6.500 каждый день, думаешь, это не так уж и плохо. За десять дней 65 тысяч. А в месяце тридцать дней. Итого... но считать мне лень.
Зато я понимаю, что это достаточно приличные деньги, и если так каждый день зарабатывать, то через сто дней (вы уже поняли, что мне легче считать, умножая на десять и сто) у меня уже будет вот сколько миллионов.
А через ещё сто – в два раза больше.
Ух ты.
Куплю себе трёхкомнатную квартиру, где-нибудь в новом не самом многоэтажном доме с видом на реку, чтоб вода всё время мимо текла, как время. В начале зимы – застывала. В середине весны – ломала на себе лёд.
Или да ну её, квартиру? Лучше куплю себе дом. Загородный.
Буду как Манилов. И будут у меня голубые глаза и белокурые волосы. Только имени не будет. И отчества.
Потому что хорошо с голубыми глазами и белокурыми волосами жить под единоличной кровлей, без имени и без отчества, выходить во двор: сядешь под вяз, чтоб под его тенью пофилософствовать о чём-нибудь, куда-нибудь, так сказать, углубиться.
Сидишь себе под вязом («подвязом, подвязом», кривляется стык слов, словно ты подвязан куда-то или сам этот «подвяз»), думаешь, что вот неплохо было бы от самого своего дома провести подземный ход. Куда? Да какая разница. В никуда.
Или через общий с соседями пруд выстроить небольшой мост, на котором расставить кресла из бамбука и рисовать кувшинки. Как Клод Моне.
Потом поднимешься, походишь немного по участку, а там хризантемы, если уже осень, георгины. Или, допустим, бегония, если лето. А ещё лучше: лобелия – ты никогда и не слышал раньше такого названия. Вернёшься в дом, а на подоконнике лежит книга – биография Сомерсета Моэма. Которая тебе очень интересна, но которую ты не дочитал: застрял на сто пятой странице.
...А ночью к тебе приходили бы мёртвые души. Ну нет, не мёртвые – души мёртвых.
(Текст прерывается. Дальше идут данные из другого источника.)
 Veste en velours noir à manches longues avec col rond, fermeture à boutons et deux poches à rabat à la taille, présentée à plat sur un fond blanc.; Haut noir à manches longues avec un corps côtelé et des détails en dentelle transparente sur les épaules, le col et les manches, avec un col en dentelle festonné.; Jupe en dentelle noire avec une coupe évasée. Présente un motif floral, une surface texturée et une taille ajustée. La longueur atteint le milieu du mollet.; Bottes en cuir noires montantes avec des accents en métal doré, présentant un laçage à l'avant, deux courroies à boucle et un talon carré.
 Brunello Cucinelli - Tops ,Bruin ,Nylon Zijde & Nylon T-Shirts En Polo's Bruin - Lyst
И тех, что ты знал когда-то (но теперь вам не о чем и не на чем говорить: слишком большой разрыв между вами, слишком огромный, непредставимый живым смертный опыт; но души всё равно приходят, как будто что-то хотят рассказать, но нет у тебя таких слов, чтобы вести разговор, а их слова ты не понимаешь – то есть слова-то те же самые, родные, на русском вроде бы языке, но складываются в тёмные фразы, в синтаксически невозможные сочетания – нет у вас общего языка), и тех, которых ты никогда не знал, никогда их хозяев не видел, но тебе так стыдно перед ними – за их большую героическую жизнь, пред которой меркнут все твои георгины.
«Ступайте», – скажешь ты душам. И души уйдут.
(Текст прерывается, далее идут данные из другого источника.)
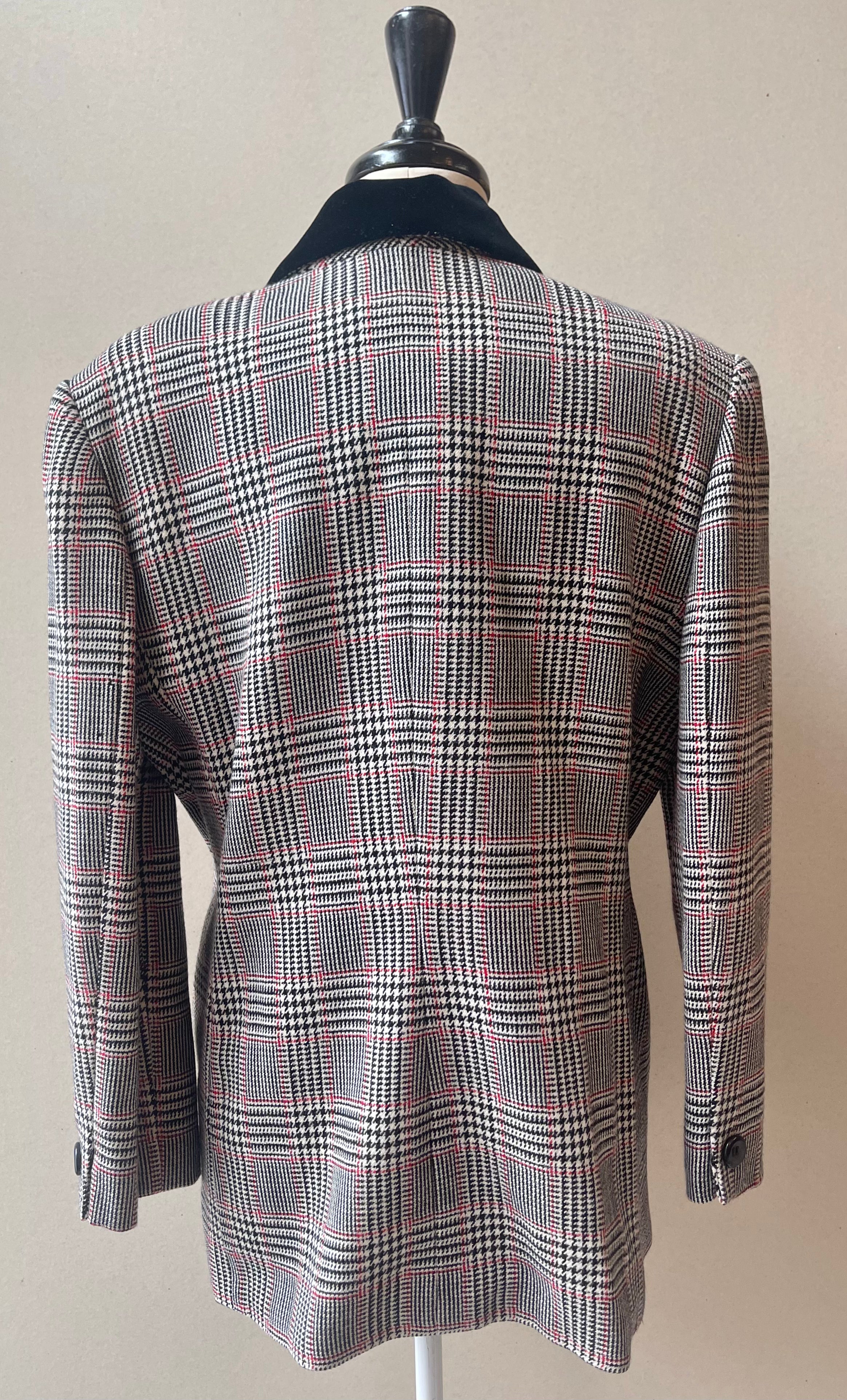 Amanda Smith 90s Vintage Wool Houndstooth Plaid Blazer | Size 14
...Когда-то в непредставимом бесконечном пространстве что-то вдруг сгустилось, разогналось, собралось воедино, сжалось, коллапсировало с невероятной, но беззвучной силой, вспыхнул чудовищный огромный свет, разлетелась гигантская пыль. Потом через тьму времён образовались большие, из разных веществ и стихий собравшиеся, круглые, летящие по эллипсу тела. Но и маленькие тоже образовались. Или образовались из разрушения некоторых круглых? Кто тут уже разберёт.
(Непонятно, куда уходят наши пофамильные души.)
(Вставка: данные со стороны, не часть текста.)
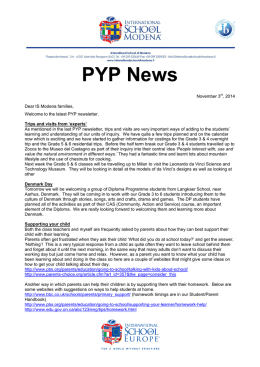 PYP News - International School of Modena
Но однажды утром ты просыпаешься, и вдруг выясняется, что нет у тебя никакого сада, ни нового дома, ни старой квартиры, что у тебя даже имени и отчества нет. Что живёшь ты на каменистом небесном теле неправильной формы, без всякой атмосферы, что сердце совсем не зряче, а баобабы уж почти разорвали на части твою планетку.